La bibliothèque libre.
Le texte de cette page a été corrigé et est conforme au fac-similé.

Cependant, on pourrait croire, à l’entendre, qu’il regrette d’être allé se promener si loin. Il prétend que les vrais voyages, les plus amusans et les plus profitables, sont ceux qu’on peut faire sans sortir de sa chambre, que si les voyageurs étaient de bonne foi, s’ils disaient tout, s’ils racontaient leurs souffrances, leurs mélancolies, leurs mécomptes, les valises à défaire et à refaire sans cesse, l’arrivée dans les banales et lugubres chambres d’hôtel, les mauvais lits, l’horripilante table d’hôte « avec ses nourritures indéterminées, nageant dans la fameuse sauce internationale, la même sous toutes les latitudes », les gens qui restent chez eux comprendraient qu’ils ont choisi la bonne part, et l’agence Cook serait près de faire faillite. Il s’est aperçu que ce vaste monde est bien plus petit qu’on ne se l’imagine, qu’on a bientôt fait d’en voir l’envers. Il a rapporté du Japon un bouddha en laque d’or, qui trône, les yeux fermés et les jambes croisées, sur une fleur de lotus épanouie.

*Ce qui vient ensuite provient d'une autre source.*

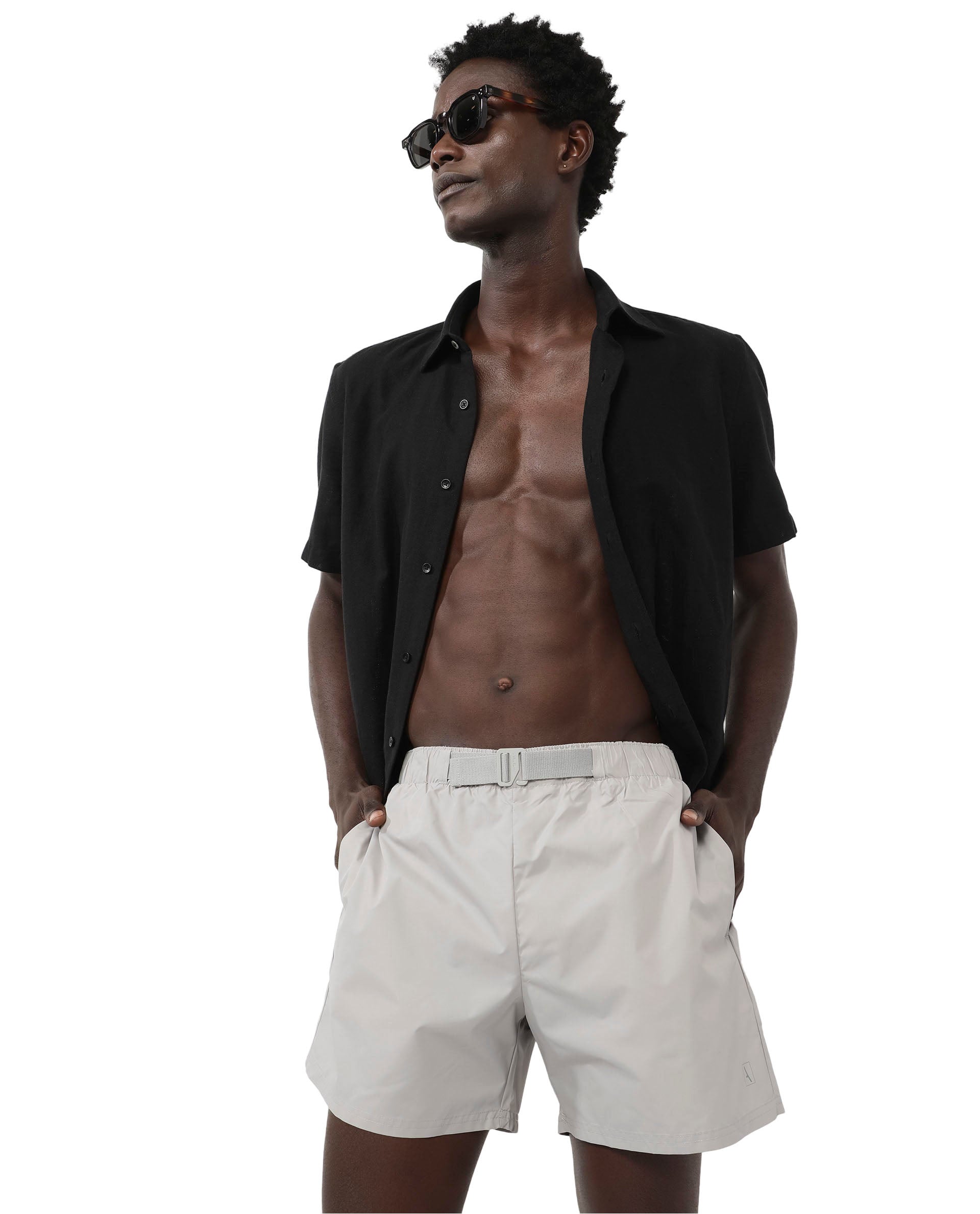 Rare Rabbit Men's Kort Grey Polyester Fabric Buckle Fastening Regular Fit Solid Shorts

Il cause souvent avec ce dieu à la fois compatissant et superbe, qui aime à lui répéter que l’univers est une vaine apparence, un rêve, une bulle d’écume. Une des vignettes de son livre reproduit la boiserie polychrome qui orne l’écurie d’un cheval consacré au service d’un temple de Nikko. On y voit trois singes, disciples convaincus de Çakia-Mouni, qu’un arbre enveloppe de ses fleurs parfumées. L’un se bouche les yeux, le second le nez, le troisième les oreilles : ne rien voir, ne rien sentir, ne rien entendre, c’est la sagesse suprême.

Après avoir causé avec Çakia-Mouni, M. Seippel médite le chapitre XX du 1er livre de l’Imitation : — « Que pouvez-vous voir ailleurs que vous ne voyiez où vous êtes ? Voilà le ciel, la terre, les élémens ; or c’est d’eux que tout est fait… Laissez aux hommes vains les choses vaines. Fermez sur vous votre porte. Si vous n’étiez pas sorti et que vous n’eussiez pas entendu quelque bruit du monde, vous seriez demeuré dans cette douce paix ; mais parce que vous aimez à entendre des choses nouvelles, il vous faut supporter ensuite le trouble du cœur. » Et M. Seippel s’est promis de fermer sa porte, d’échapper, en restant chez lui, au bruit du monde et au trouble du cœur. « Il a passé, nous dit-il, les plus belles années de sa jeunesse à courir le monde presque sans interruption, pour arriver à s’avouer une bonne fois à lui-même qu’atout prendre, il n’aime pas les voyages. » Ne le croyez pas, il ment : demain il sentira le besoin de voir des visages jaunes, bruns ou noirs, et de nouveau il bouclera ses malles d’un cœur léger. « La cellule qu’on quitte peu, dit l’Imitation, devient douce ; fréquemment délaissée, elle engendre l’ennui. » Ce n’est pas la sagesse des touristes.